## Given entries
= = =

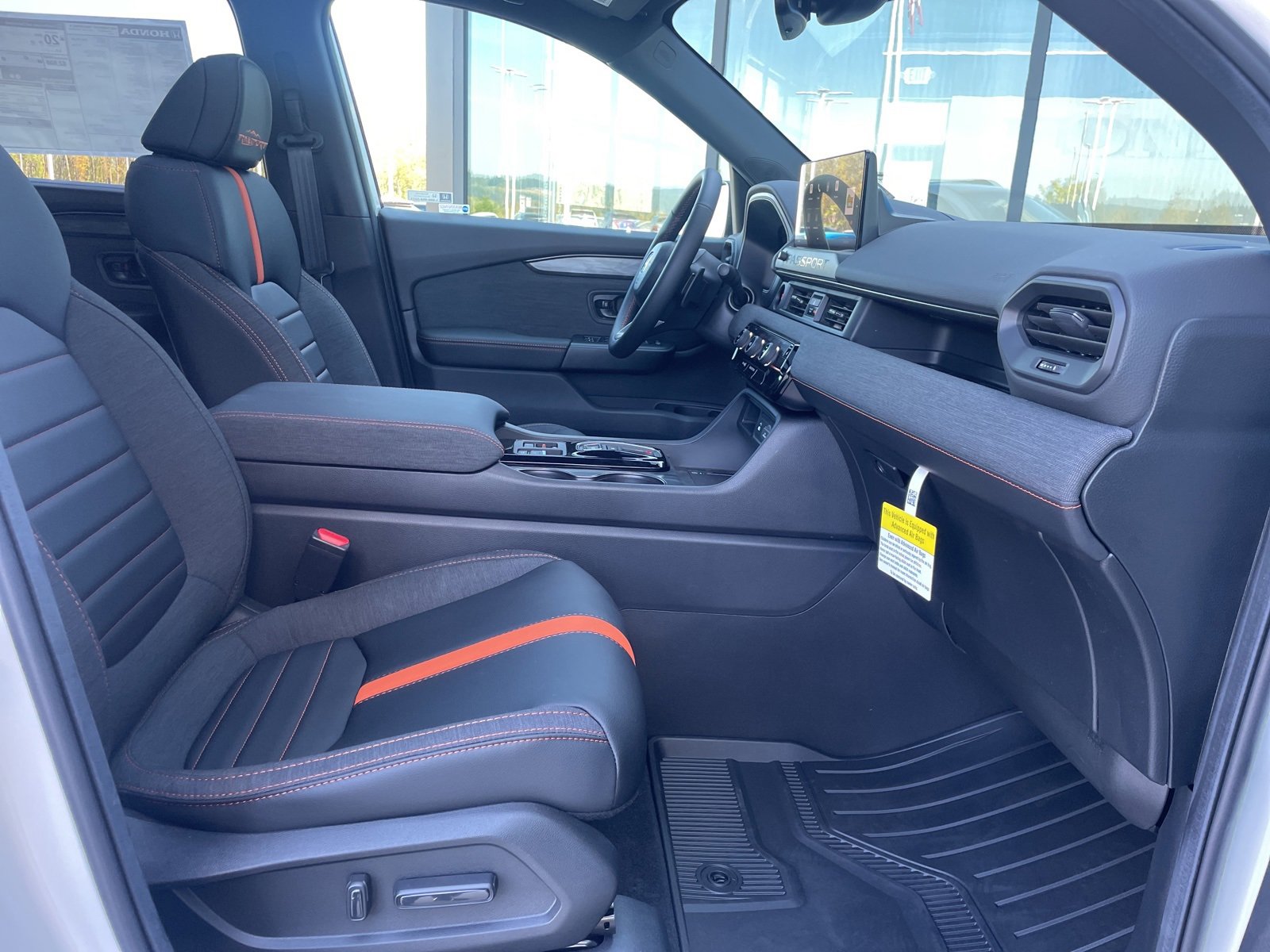 New 2026 Honda Passport TrailSport image 13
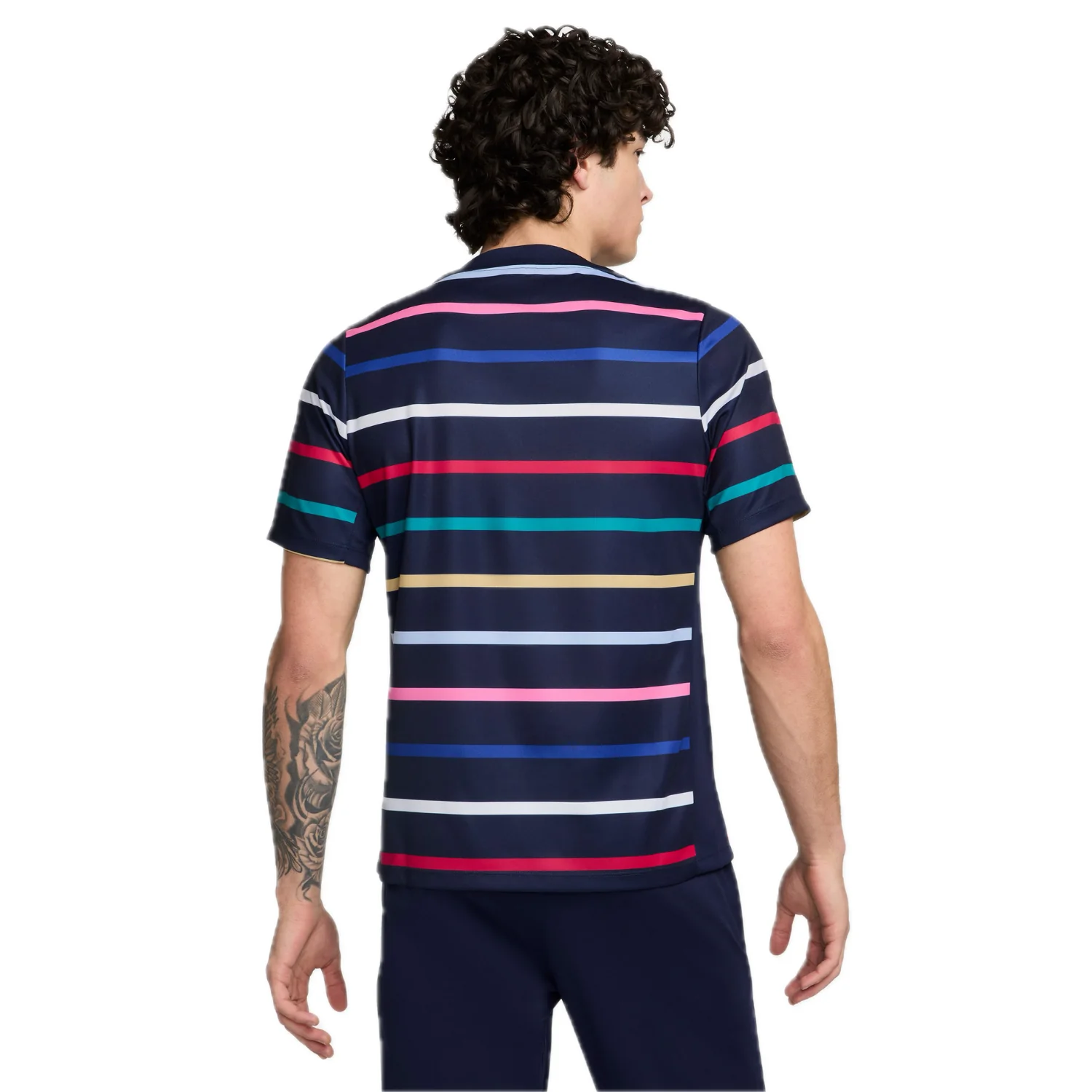 France Academy Pre-Match Shirt 24/25 - Image 2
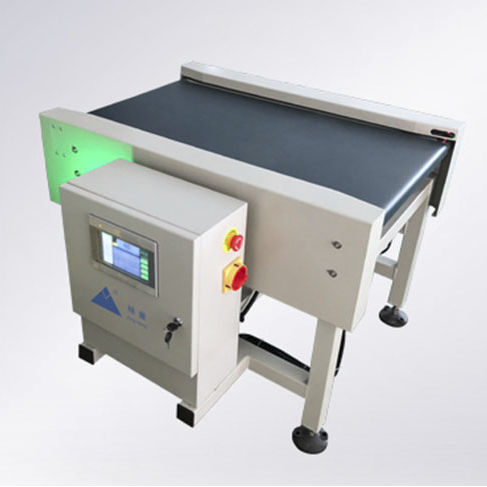 Trieuse pondérale de paquets - JLCW-15KG - Zhongshan Jingliang Weighing Instrument Co.,Ltd. - pour la logistique / avec convoyeur à bande / avec tableau de commande à écran tactile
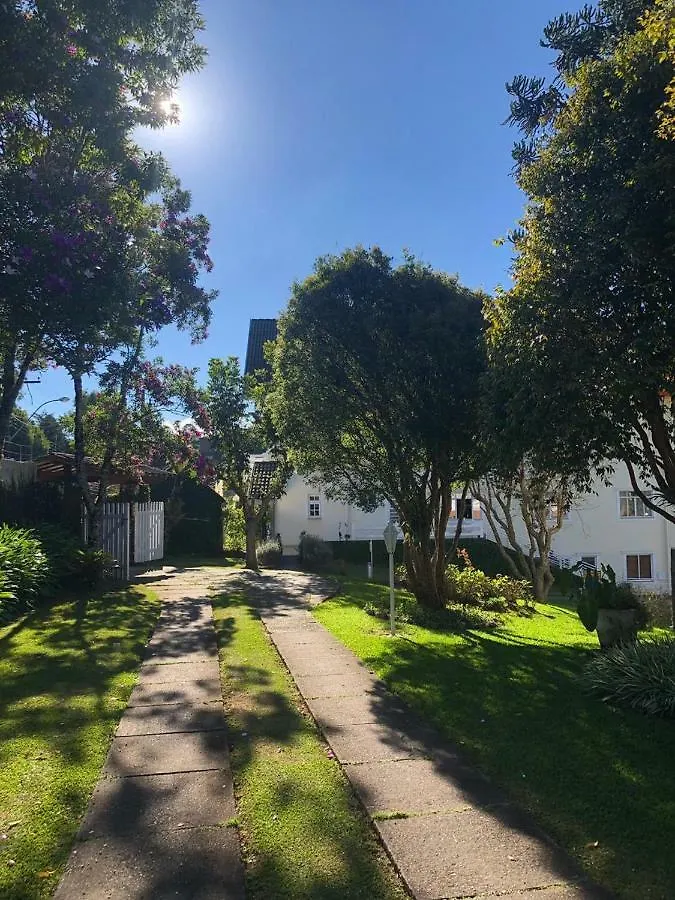 Dom Alfredo Jose Pet Ξενοδοχείο Campos do Jordão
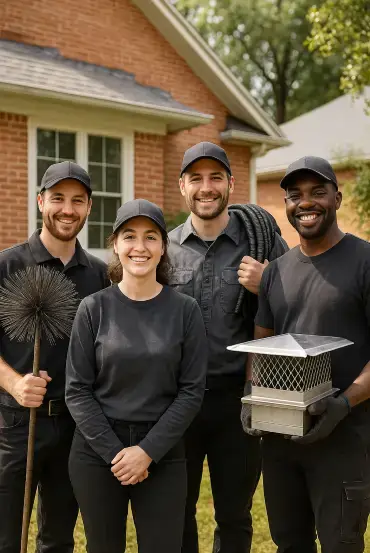 Why Choose Chimney Sweep Glenn Heights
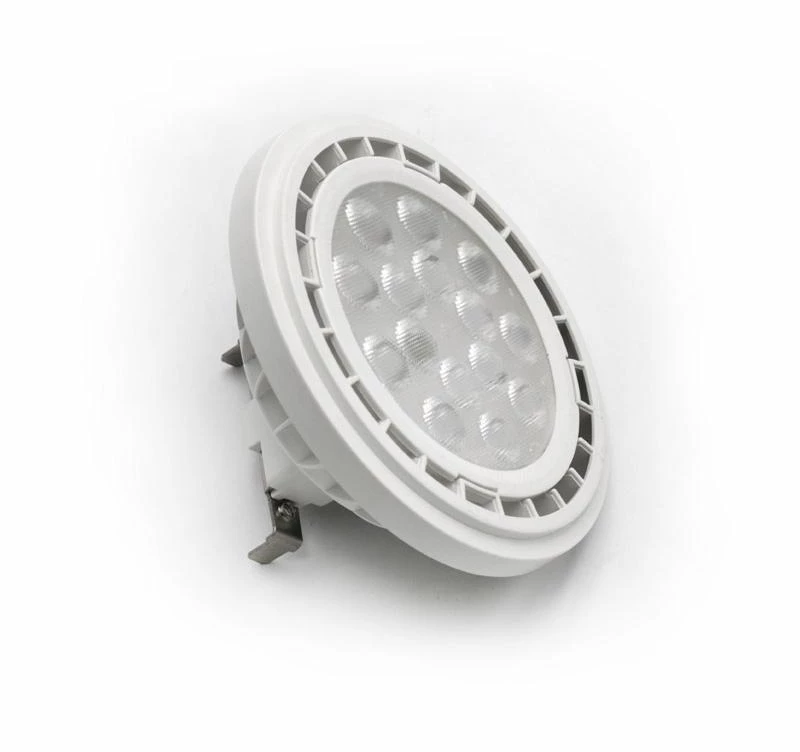 Adeleq LED Λάμπα AR111 15W 12VAC/DC 36 Μοιρών 3000Κ Θερμό 13-11153600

= = =

## What to work on
The answer is the lines above, word for word, from the first one through the one containing "Trieuse pondérale de"; it includes no pictures.

## Expected answer
 New 2026 Honda Passport TrailSport image 13
 France Academy Pre-Match Shirt 24/25 - Image 2
 Trieuse pondérale de paquets - JLCW-15KG - Zhongshan Jingliang Weighing Instrument Co.,Ltd. - pour la logistique / avec convoyeur à bande / avec tableau de commande à écran tactile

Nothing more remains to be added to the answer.